O Jardim desenvolve-se no terrapleno do antigo passeio, sustentado por muros em pedra, com excepção do limite junto ao edifício dos Paços do Concelho, sobre o qual assenta uma balaustrada que intercala com bancos em pedra revestidos, pelo lado interior, a azulejo. Nos cantos a balaustrada é substituída por uma pérgola criando pontos para apreciação da paisagem envolvente, hoje muito degradada, e actualmente sem amplitude visual. O jardim é organizado segundo um eixo central definido por um largo caminho que o divide, quase simetricamente, em dois grandes rectângulos. Este caminho central remata a sul, numa outra pérgola, de feição idêntica mas de maiores dimensões e também em articulação com a métrica da balaustrada. Os rectângulos dividem-se em canteiros menores que se organizam em torno de um elemento central - um lago oval, com estátua e repuxo - e elementos circulares provavelmente destinados a uma plantação especial. Um deles está ocupado com o coreto.
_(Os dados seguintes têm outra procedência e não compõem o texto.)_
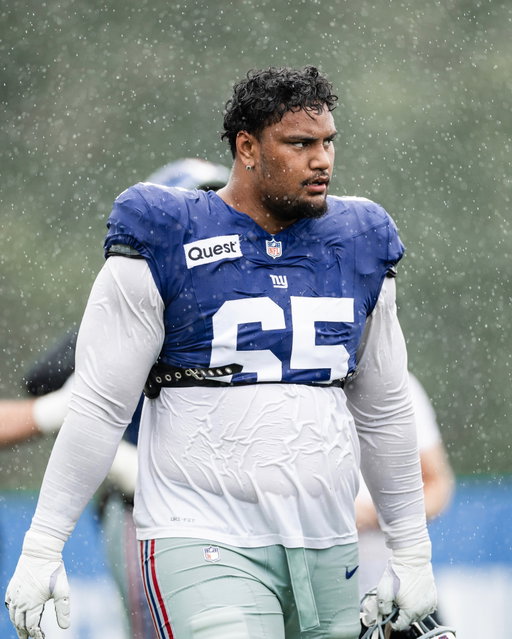A giant spotted at training camp @francis.mauigoa 👀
Ainda de referir a existência de uma escultura, em bronze, do busto do poeta Fausto Guedes Teixeira, da autoria de Costa Mota Sobrinho, colocado no lado nascente, em frente aos paços do concelho.
O jardim terá perdido uma parte substancial da sua vegetação adulta, em particular em toda a metade nascente, sendo contudo ainda de destacar algumas tílias tomentosas de grande porte, que definiam uma alameda a norte do jardim, e as notáveis olaias cuja plantação enfatizava o desenho circular de todos os canteiros. Hoje só subsistem algumas o que dificulta a leitura do espaço e não favorece as condições microclimáticas do jardim.